Work required =
Of all the lines in the entries below, give again exactly those starting at the line containing "Freespin turnaj u Tipsportu, Chance a Maxy" and ending at the line containing "Gant Reg Shield Sportshorts S Fresh Blue", both ends included, and no others.

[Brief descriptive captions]
▬▬▬▬▬▬

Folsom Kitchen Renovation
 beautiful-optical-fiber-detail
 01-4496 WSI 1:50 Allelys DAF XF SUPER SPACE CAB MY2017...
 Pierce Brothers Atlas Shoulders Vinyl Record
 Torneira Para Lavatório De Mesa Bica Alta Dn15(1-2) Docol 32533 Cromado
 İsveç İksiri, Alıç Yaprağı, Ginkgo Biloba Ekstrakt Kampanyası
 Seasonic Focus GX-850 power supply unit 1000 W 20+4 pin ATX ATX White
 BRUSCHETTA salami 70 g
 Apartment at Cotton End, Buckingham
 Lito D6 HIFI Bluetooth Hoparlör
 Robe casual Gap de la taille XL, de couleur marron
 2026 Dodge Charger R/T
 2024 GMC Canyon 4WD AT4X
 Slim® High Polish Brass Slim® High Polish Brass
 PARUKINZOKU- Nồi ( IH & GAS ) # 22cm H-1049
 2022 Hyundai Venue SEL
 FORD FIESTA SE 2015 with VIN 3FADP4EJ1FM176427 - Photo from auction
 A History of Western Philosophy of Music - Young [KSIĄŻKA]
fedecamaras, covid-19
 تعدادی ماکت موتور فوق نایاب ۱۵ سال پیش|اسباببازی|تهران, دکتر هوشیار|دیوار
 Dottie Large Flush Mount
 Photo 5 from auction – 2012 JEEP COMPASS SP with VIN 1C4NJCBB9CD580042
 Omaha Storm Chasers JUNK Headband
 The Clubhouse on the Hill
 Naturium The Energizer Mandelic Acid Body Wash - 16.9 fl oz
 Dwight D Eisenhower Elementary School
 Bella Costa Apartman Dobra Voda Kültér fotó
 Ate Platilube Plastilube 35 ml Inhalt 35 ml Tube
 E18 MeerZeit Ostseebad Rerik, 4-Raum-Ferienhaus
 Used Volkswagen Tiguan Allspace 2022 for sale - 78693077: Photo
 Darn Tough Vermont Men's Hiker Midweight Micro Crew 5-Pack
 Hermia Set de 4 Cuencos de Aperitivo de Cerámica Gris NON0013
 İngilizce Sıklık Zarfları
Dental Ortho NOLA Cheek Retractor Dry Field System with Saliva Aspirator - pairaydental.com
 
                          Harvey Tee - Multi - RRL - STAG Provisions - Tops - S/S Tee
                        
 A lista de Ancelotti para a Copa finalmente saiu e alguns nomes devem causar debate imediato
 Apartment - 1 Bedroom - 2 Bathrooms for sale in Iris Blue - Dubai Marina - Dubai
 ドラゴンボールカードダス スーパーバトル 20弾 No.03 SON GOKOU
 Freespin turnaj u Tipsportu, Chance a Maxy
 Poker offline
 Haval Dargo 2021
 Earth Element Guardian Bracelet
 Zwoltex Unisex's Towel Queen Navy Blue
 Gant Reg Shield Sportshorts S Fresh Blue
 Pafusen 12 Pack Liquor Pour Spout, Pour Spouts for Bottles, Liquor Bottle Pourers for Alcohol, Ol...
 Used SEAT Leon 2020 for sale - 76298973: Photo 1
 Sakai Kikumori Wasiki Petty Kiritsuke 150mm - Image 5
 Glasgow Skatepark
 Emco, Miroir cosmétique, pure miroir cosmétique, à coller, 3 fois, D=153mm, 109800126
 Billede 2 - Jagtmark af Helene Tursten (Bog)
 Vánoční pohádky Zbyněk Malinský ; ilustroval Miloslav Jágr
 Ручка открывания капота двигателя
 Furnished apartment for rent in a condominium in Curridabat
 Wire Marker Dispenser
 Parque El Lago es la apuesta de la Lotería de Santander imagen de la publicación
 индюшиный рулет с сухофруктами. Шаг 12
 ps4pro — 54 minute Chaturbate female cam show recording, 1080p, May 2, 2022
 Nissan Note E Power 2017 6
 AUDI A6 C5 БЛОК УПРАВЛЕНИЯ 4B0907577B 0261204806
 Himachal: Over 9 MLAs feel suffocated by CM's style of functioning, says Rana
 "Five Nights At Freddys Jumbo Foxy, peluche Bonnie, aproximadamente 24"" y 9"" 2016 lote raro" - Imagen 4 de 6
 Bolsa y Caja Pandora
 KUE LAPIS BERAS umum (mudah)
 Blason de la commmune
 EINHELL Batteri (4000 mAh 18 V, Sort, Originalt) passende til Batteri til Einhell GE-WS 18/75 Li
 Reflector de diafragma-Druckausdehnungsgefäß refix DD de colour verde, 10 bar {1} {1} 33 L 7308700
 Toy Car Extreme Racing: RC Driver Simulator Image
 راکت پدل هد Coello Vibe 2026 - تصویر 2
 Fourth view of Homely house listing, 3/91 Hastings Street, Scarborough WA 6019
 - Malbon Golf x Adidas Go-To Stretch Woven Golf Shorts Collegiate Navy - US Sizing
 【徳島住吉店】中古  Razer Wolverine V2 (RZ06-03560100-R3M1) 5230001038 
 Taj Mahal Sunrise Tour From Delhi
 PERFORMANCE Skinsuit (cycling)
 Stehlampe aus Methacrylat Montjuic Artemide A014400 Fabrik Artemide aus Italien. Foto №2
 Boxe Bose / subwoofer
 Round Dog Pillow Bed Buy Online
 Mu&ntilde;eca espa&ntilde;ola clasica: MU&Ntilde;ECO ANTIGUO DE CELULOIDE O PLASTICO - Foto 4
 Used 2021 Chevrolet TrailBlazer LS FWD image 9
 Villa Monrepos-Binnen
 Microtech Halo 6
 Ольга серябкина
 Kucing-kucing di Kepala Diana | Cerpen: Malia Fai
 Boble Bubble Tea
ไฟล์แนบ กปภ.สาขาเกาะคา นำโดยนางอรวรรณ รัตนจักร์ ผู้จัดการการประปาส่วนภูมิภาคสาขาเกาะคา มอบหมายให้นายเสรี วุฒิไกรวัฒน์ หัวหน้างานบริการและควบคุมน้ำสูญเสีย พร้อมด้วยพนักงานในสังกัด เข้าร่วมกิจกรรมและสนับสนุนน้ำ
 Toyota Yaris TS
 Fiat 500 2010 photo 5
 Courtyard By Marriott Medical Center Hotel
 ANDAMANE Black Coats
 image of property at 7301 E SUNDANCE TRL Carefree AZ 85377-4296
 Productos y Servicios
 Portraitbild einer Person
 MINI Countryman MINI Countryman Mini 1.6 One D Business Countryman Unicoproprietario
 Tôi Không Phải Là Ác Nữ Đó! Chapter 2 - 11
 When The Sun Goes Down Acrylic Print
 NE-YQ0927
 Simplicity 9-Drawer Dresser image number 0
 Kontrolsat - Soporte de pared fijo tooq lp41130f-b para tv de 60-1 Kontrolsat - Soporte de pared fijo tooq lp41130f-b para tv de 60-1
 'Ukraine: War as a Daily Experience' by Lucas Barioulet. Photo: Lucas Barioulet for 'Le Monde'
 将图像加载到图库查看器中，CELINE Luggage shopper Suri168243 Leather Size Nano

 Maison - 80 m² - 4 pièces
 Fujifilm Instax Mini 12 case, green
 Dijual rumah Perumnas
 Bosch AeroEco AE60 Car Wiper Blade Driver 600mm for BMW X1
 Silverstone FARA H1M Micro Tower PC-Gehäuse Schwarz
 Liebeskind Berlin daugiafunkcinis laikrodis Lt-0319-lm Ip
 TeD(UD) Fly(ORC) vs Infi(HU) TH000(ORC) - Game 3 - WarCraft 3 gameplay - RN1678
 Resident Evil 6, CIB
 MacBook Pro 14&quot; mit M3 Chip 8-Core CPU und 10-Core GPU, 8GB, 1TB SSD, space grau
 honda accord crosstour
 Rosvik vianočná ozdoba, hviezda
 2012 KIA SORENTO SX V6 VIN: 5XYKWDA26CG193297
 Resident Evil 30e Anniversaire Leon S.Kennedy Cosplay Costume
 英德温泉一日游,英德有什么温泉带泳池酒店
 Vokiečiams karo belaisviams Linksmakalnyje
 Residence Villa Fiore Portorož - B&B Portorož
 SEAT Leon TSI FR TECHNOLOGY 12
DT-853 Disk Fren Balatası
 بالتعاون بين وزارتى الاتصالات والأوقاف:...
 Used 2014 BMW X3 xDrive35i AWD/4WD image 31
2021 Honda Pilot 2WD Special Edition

▬▬▬▬▬▬

Result for this task =
 Freespin turnaj u Tipsportu, Chance a Maxy
 Poker offline
 Haval Dargo 2021
 Earth Element Guardian Bracelet
 Zwoltex Unisex's Towel Queen Navy Blue
 Gant Reg Shield Sportshorts S Fresh Blue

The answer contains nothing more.